By: Paul Pilotte, Technical Marketing Manager, MathWorks
Over the last decade, data science has made its mark on almost every industry (in addition to IT): retail, manufacturing, industrial equipment, transport, healthcare, insurance, etc. Across the board, organisations are acknowledging the importance of using data to stay agile and competitive.
The ways in which data is driving organisations have also been evolving quite rapidly. Most uses of business analytics are “post mortem” i.e. crunching historical data to examine past performance to look for patterns of failure or success in an effort to avoid or replicate these. This is termed as descriptive analytics. Then the exponential increase in data in the last decade, more so with IoT enabled devices, took big data to the next level with predictive analytics. Here, historical data (both internal and external) is combined with rules and algorithms to predict likely outcomes. Today it is possible to develop a real-time system to minimize HVAC energy costs in large-scale commercial buildings via proactive, predictive optimization. BuildingIQ has developed Predictive Energy Optimization (PEO), a cloud-based software platform that reduces HVAC energy consumption by 10–25% during normal operation. Another example is how Baker Hughes is developing advanced directional drilling services which incorporate algorithms that help oil and gas operators place wellbores precisely in their reservoirs. Running on an embedded processor amid the intense vibrations in the downhole environment, these algorithms accurately measure the inclination and azimuth of the borehole as it is drilled.
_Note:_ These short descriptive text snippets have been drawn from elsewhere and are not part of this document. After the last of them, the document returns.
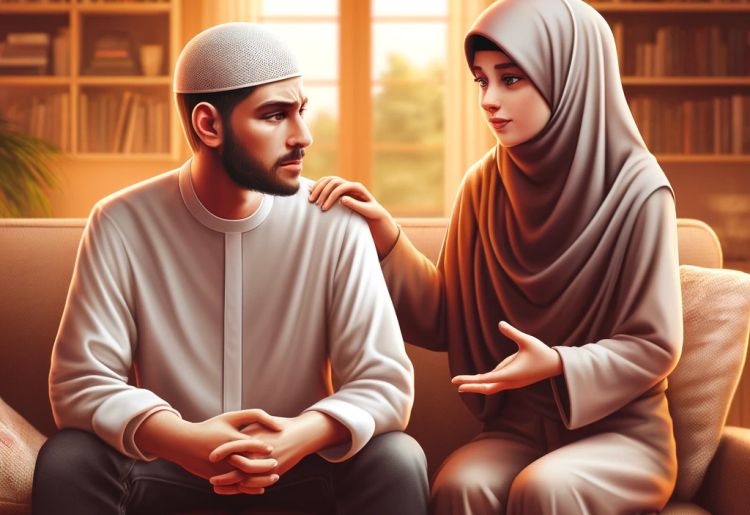 كيف اتعامل مع غضب زوجي؟ إليكِ 4 حلول سحرية لإمتصاص غضبه وإحتوائه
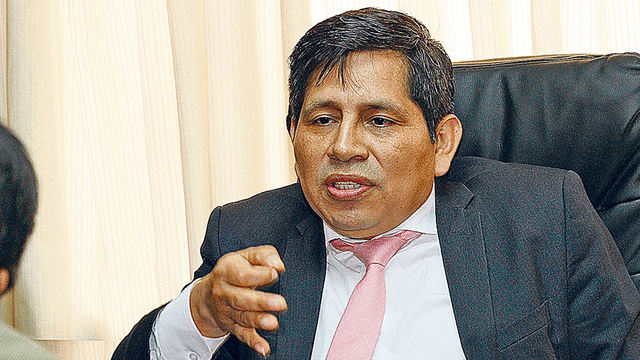Chiclayo: David Cornejo confirma pago a fiscal por S/80 mil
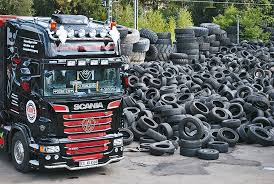 List of 8 best tire brands in the world. Tire Recycling Riding On Global Recycling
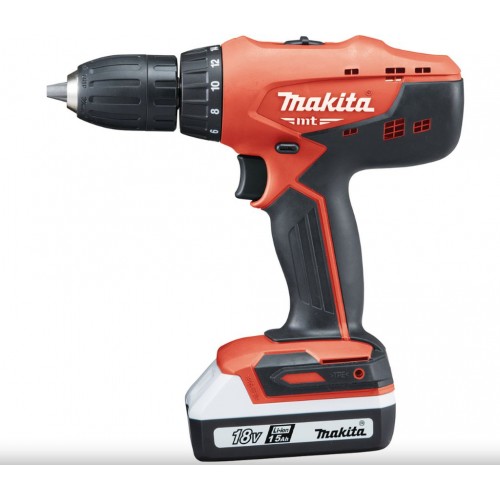 MAKITA M6301DWE Akumulátorový vrtací šroubovák (2x18V/1,5Ah)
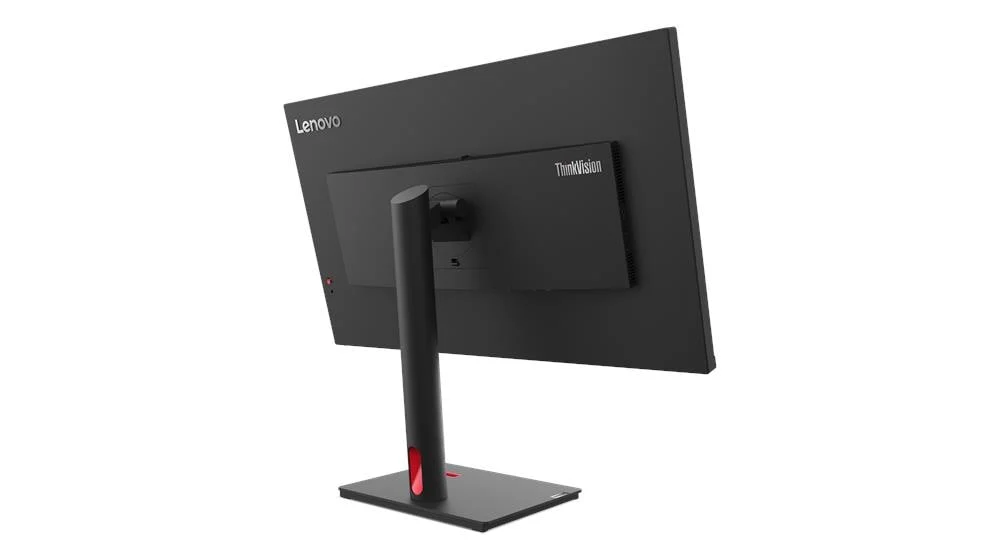 Écran Lenovo ThinkVision T32h-30 ouvert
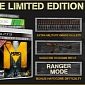 Metro: Last Light Limited Edition Revealed, Includes Ranger Mode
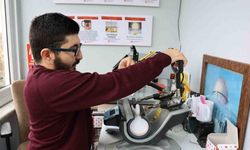 Enes’in azim dolu hikayesi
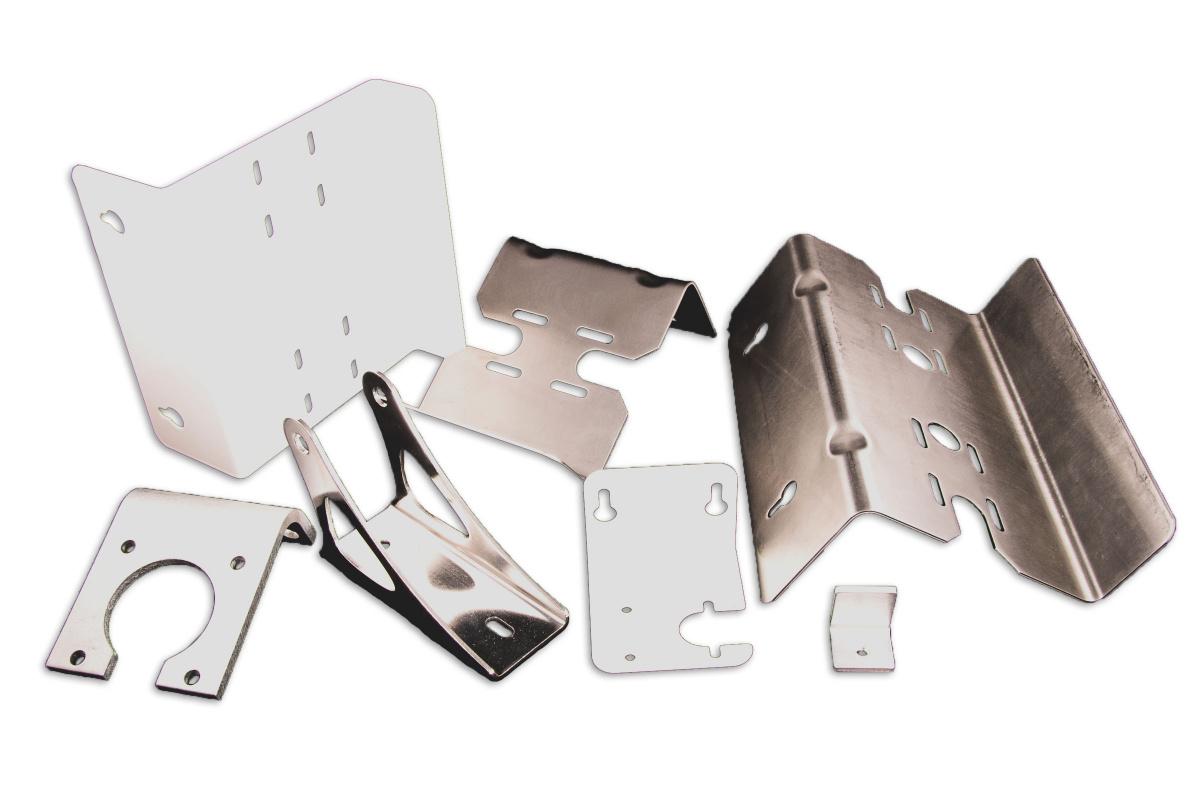 Custom Brackets - Drop Shadow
The promise, potential and practicality of big data continue to grow. To leverage these to make an impactful business decision, practitioners will increasingly adopt prescriptive analytics, which not only predicts future outcomes but also computes strategic and actionable recommendations on how best to leverage the outcome. An example which can be called out is how Scania engineers used MATLAB tools for Model-Based Design to model and simulate the driver support system, develop a prototype user interface, and generate embedded code for prototype and production targets. Other examples of this include decision support systems for energy trading, financial portfolio optimization etc.
Furthermore, the advances in the tools and technology that support big data applications will make it easier for even traditional (non-tech) companies to develop in-house data science talent. A perpetual problem for these companies is that they are forced to bring specialised data scientists on board to manage their data. While this cohort may excel at number crunching to look for a solution, they are not well-equipped to articulate the problem that needs solving, since that requires domain expertise (for example about specific manufacturing processes). This leads to a situation where despite the data and the science, the problems peculiar to their operations are not addressed.
More sophisticated machine learning (or artificial intelligence) workflows will become accessible, making it more cost-effective for businesses to train existing domain experts rather than risk finding and onboarding data scientists. For example, transfer learning will mitigate the need for large training sets and NVidia GPU instances on Amazon EC2 will make it easy for anyone to get started with deep learning in minutes. Transfer learning allows deep learning models to be more easily and rapidly customized without the need for large labeled datasets. As an analogy, someone who has mastered the guitar will be better at learning the piano than the one who has never played a musical instrument before, because the guitar learning experience improves the piano learning process. The learning and insights gleaned from one data set can be transferred to another problem, mitigating the need to build a new labeled data set from scratch. Tools like these will make data science easily applicable for cross-industry problems and fuel adoption across the board.
The IoT (Internet of Things) is expanding and bringing online billions of “chatty” devices (sensors, cameras, TVs, refrigerators, wearables, etc.) which means so much more data to aggregate and manage. These hybrid data sets (mix of text, video, images, etc.) and diverse IT systems will push the demand for converged systems, interoperability, smart data and predictive algorithms that can work seamlessly across them.
There is a lot to look forward to in the coming year. Data science and technology promises to deliver converged workflows and solutions that will provide wider applicability in experiential ways to help organisations streamline operations, secure their assets, build actionable business insights and develop competitive strategies.